I think of it like this: it’s not that a king could not enter his kingdom without ceremony and honor. He could. But it would not be fitting. A king should be accorded that honor that belongs to such an elevated position. In the same way, I believe that God brought Christ into the world through the miraculous event of a virgin birth because such an entrance into the world was the most fitting for the King of all the earth. And it helps us to see that Jesus is that King in at least three ways.[1]

First, it shows us that salvation is something that can only be accomplished by God and not by man. For the one who came to save us from our sins had a birth that can only be described as miraculous. Jesus was born by supernatural means; his birth required the intervention of the Holy Spirit in order to take place. Mankind, with all its technology, cannot duplicate the virgin birth. It is something only God can do. Thus, from the very beginning, we are reminded that God, and God alone, can save us from our sins.
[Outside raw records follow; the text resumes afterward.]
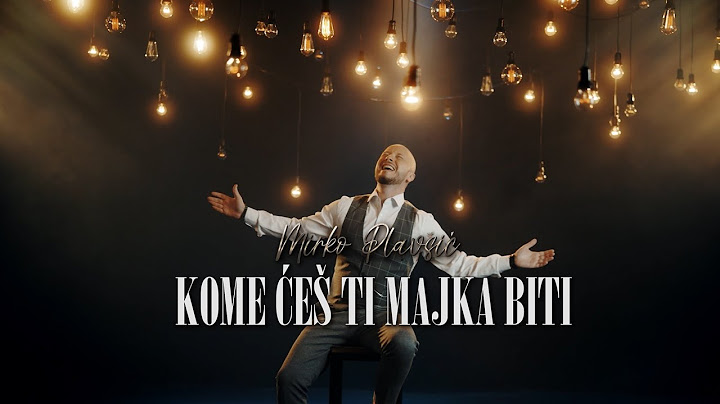 Mirko Plavsic - KOME CES TI MAJKA BITI (OFFICIAL VIDEO)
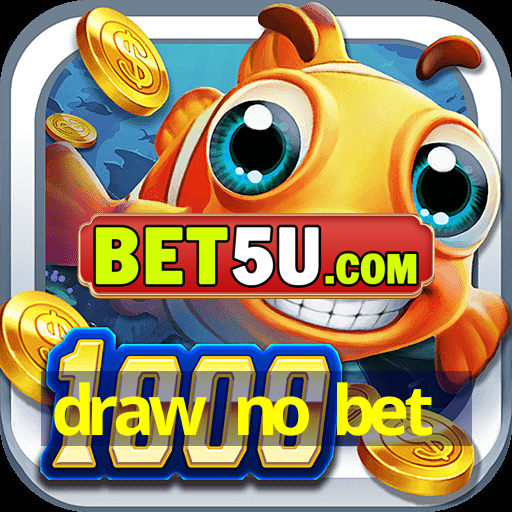 draw no bet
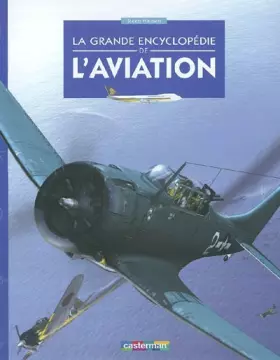 Couverture du produit · La Grande Encyclopédie de l'aviation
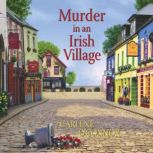 Murder in an Irish Village - Booktrack Edition, Carlene O'Connor
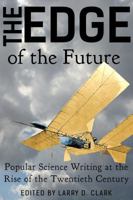 The Edge of the Future: Popular Science Writing at the Rise of the Twentieth Century 0991202007 Book Cover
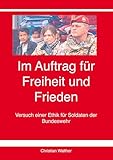 Im Auftrag für Freiheit und Frieden: Versuch einer Ethik für Soldaten der Bundeswehr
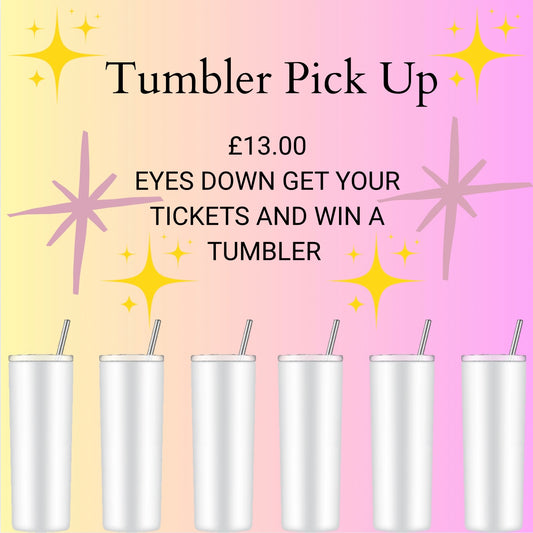 Tumbler Pick Up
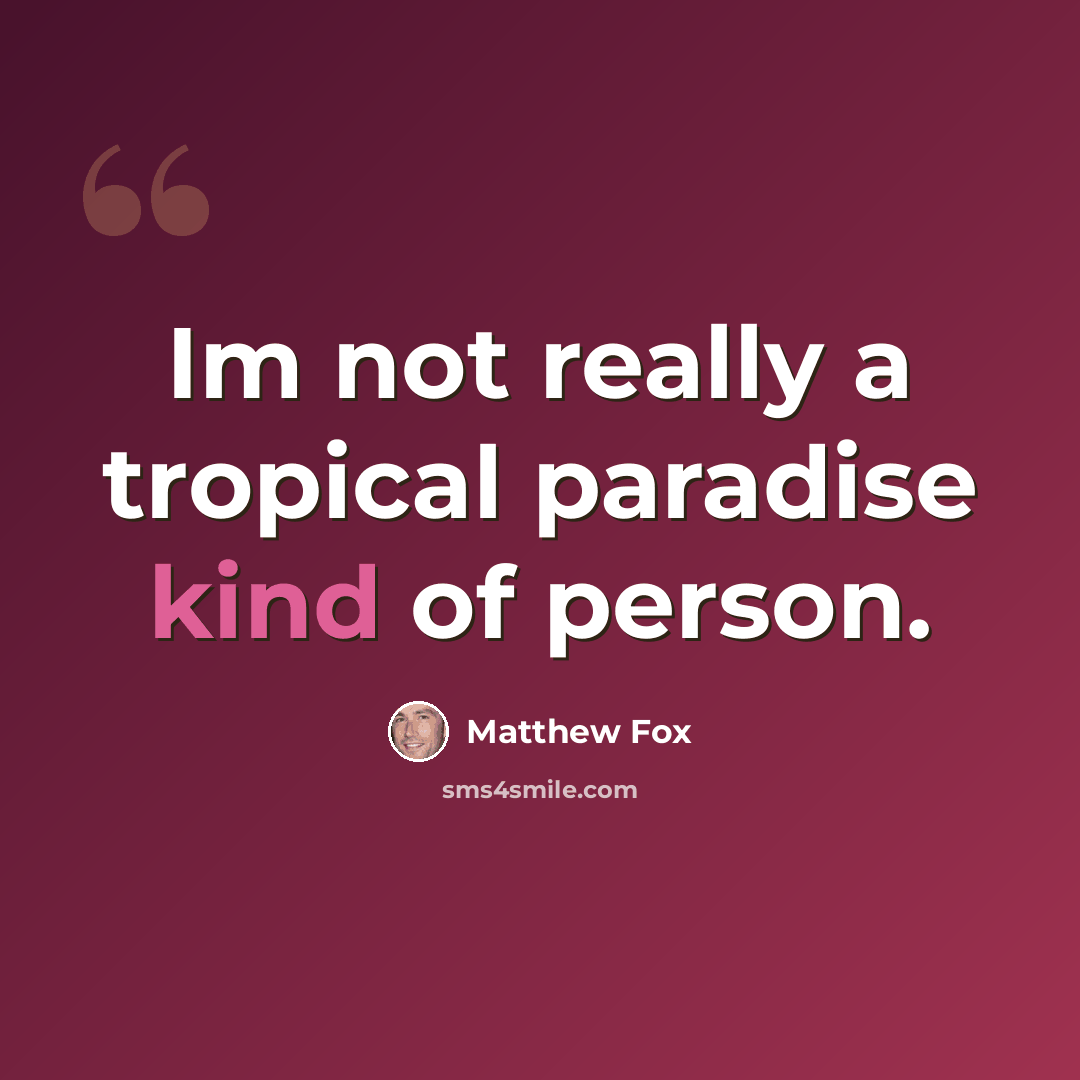 “Im not really a tropical paradise kind of person.” quote by Matthew Fox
Second, the virgin birth shows us how it was possible for Jesus to be fully human and fully divine. If God had formed Christ’s body in heaven, and sent him immediately to earth, it would be hard for us to see how he could be fully human, since that is so unlike the way any other human person is born. Or, if Jesus had been born of two parents, it would be hard for us to see how he was God, since he was so like us in every way. But since Jesus was born of a virgin through the power of the Holy Spirit – by the combination of human and divine influences – it helps us to see how Christ could be both God and man “in two distinct natures and one person forever.”

Third, it also helps us to see how Jesus could be born without sin. Certainly, Jesus could not save us from our sins if he was entangled with the guilt of his own. However, by being born of a virgin through the power of the Spirit, we can see how Jesus could have been born without the guilt and corruption that belongs to every other human being. In fact, Scripture itself seems to point us in this direction. For example, the angel Gabriel tells Mary: “The Holy Spirit will come upon you, and the power of the Most High will overshadow you; therefore the child to be born will be called holy – the Son of God” (Luke 1:35).

It should be pointed out that Scripture does not warrant the belief that Jesus did not inherit sin because Mary was sinless (“immaculate conception” refers to Mary in Roman Catholic theology, not to the virgin birth). He did not inherit it because, as Luke 1:35 indicates, the Holy Spirit prevented any possibility of the transmission of corruption and guilt.

To sum up, the virgin birth is fully compatible with and supports the view that Jesus is God with us, the Sinless One sent by the Father to save us from our iniquities. And, in light of this, should this not give hope to everyone who sees that they are without God and without hope in this world? Is it not great news to guilty and dirty sinners like you and I that Jesus shall save his people from their sins? Should we not therefore turn to Jesus and pray to him to take our burden and release us from the guilt of our sin?

"It is sin that will bring sinners down to the pit of destruction and everlasting despair. It is Jesus alone who saves from sin and sins. . . . How can we expect to be saved from sin and its consequences if we are indifferent to Jesus’ claims? He can have no saving effect upon us unless we are bound to him in the bonds of faith, and love, and hope. How sweet the name of Jesus to the contrite sinner. It is ‘a faithful saying, and worthy of all acceptation, that Christ Jesus came into the world to save sinners’ (1 Tim. 1:15)."[2]

[1] See Wayne Grudem’s Sys. Theol. (1994), p. 529-532.

[2] John Murray, Works Vol 3, p.184.